An exact reproduction of the data below is expected, free of images.

---------- Stored data ----------

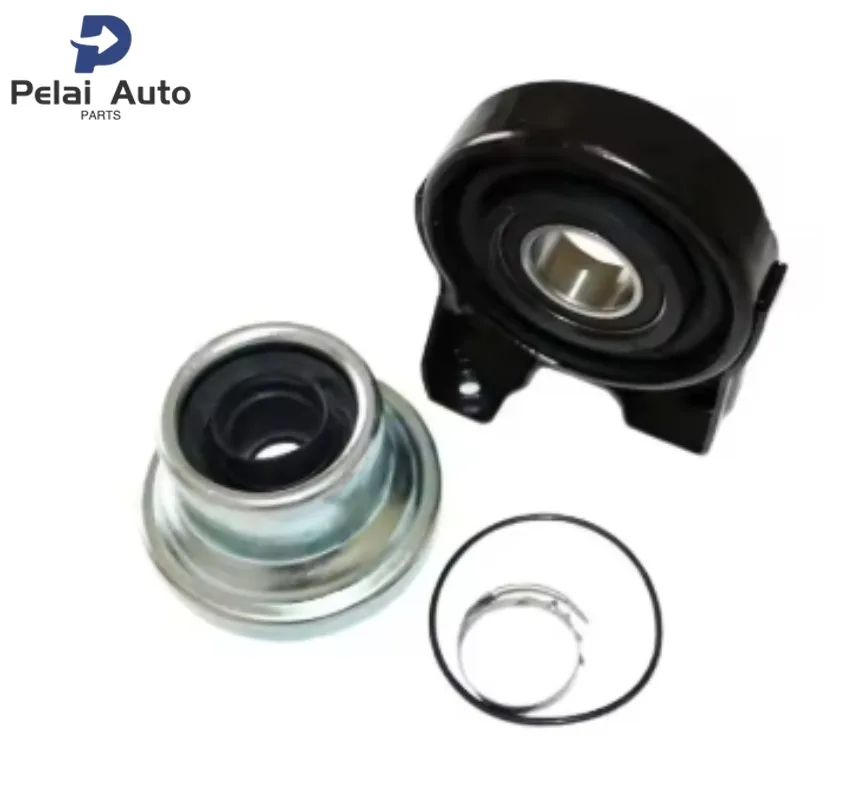 7L6521102 7L0521407 Driveshaft Center Support Bearing Boot For Porsche Cayenne OR Audi Q7 Car Accessories
7L6521102 7L0521407 Driveshaft Center Support Bearing Boot For Porsche Cayenne OR Audi Q7 Car Accessories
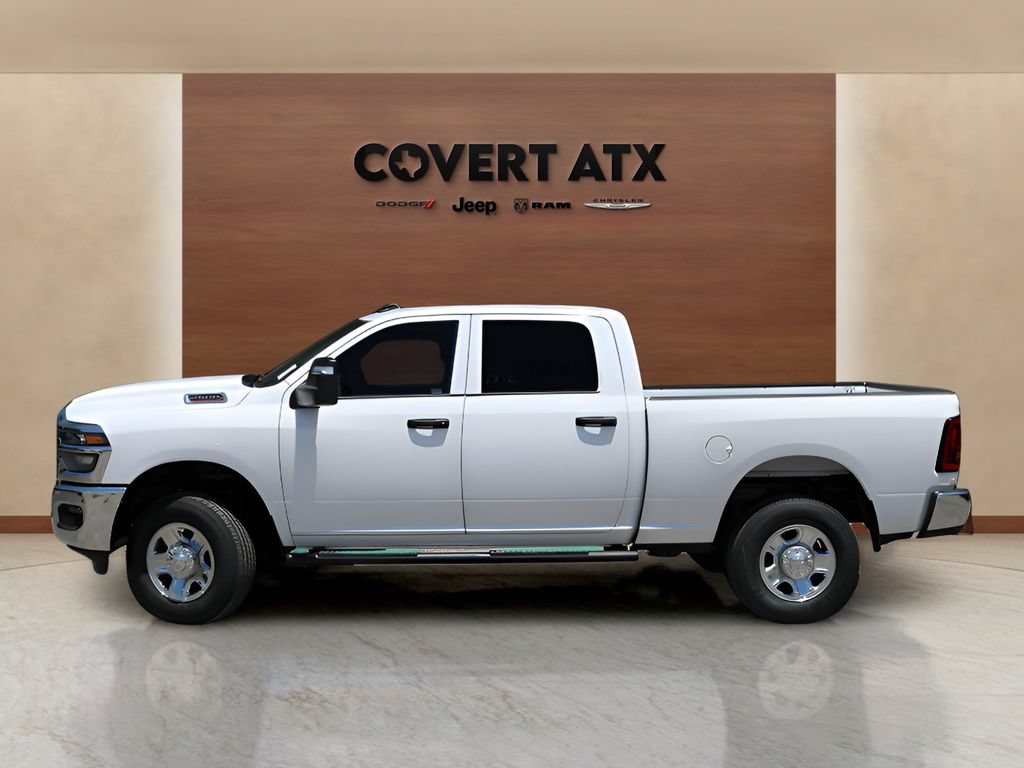 New 2026 RAM 2500 Tradesman AWD/4WD image 2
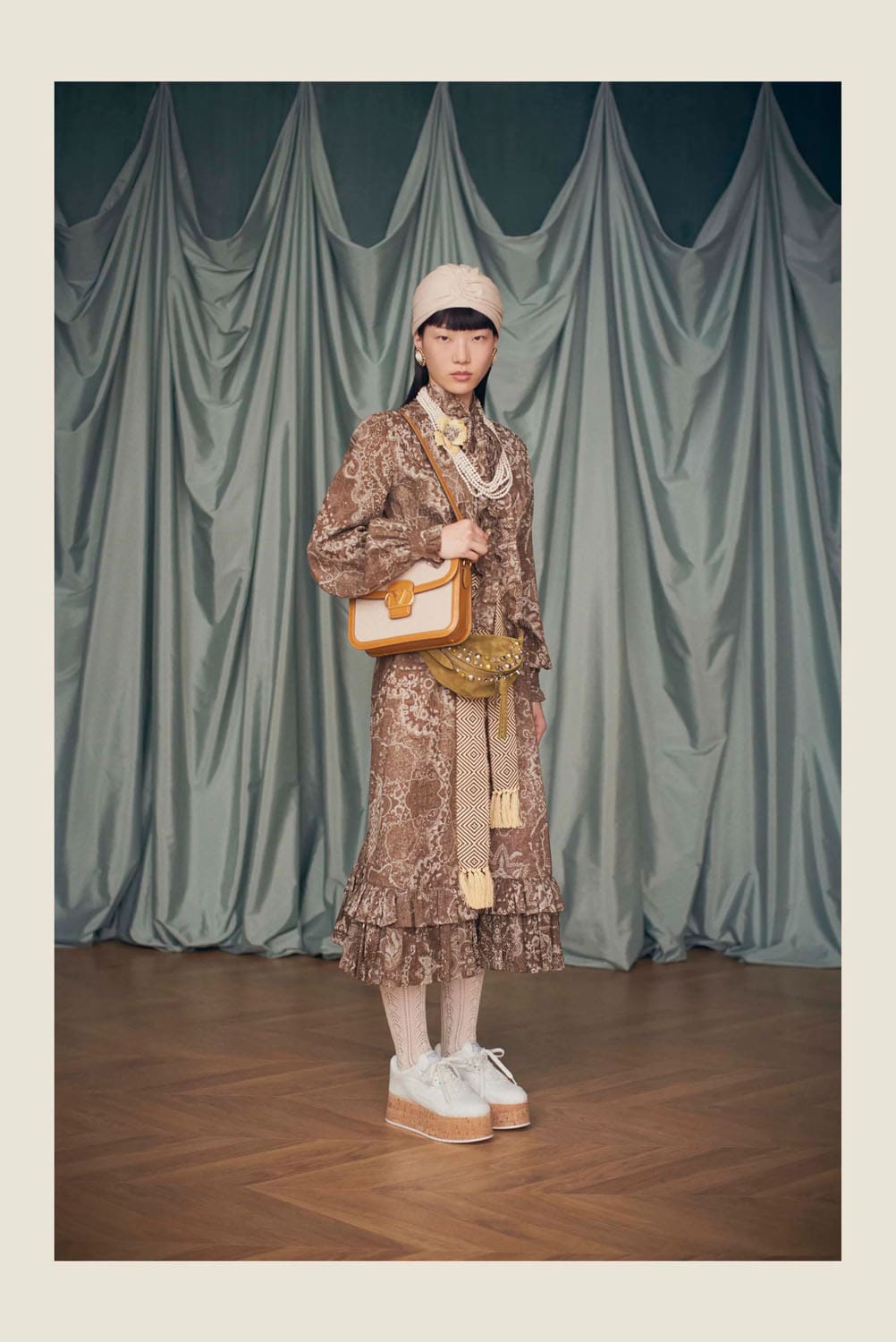 Valentino by Alessandro Michele Resort 2025 Runway Magazine (153)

----------

Solution to this problem
 7L6521102 7L0521407 Driveshaft Center Support Bearing Boot For Porsche Cayenne OR Audi Q7 Car Accessories
7L6521102 7L0521407 Driveshaft Center Support Bearing Boot For Porsche Cayenne OR Audi Q7 Car Accessories
 New 2026 RAM 2500 Tradesman AWD/4WD image 2
 Valentino by Alessandro Michele Resort 2025 Runway Magazine (153)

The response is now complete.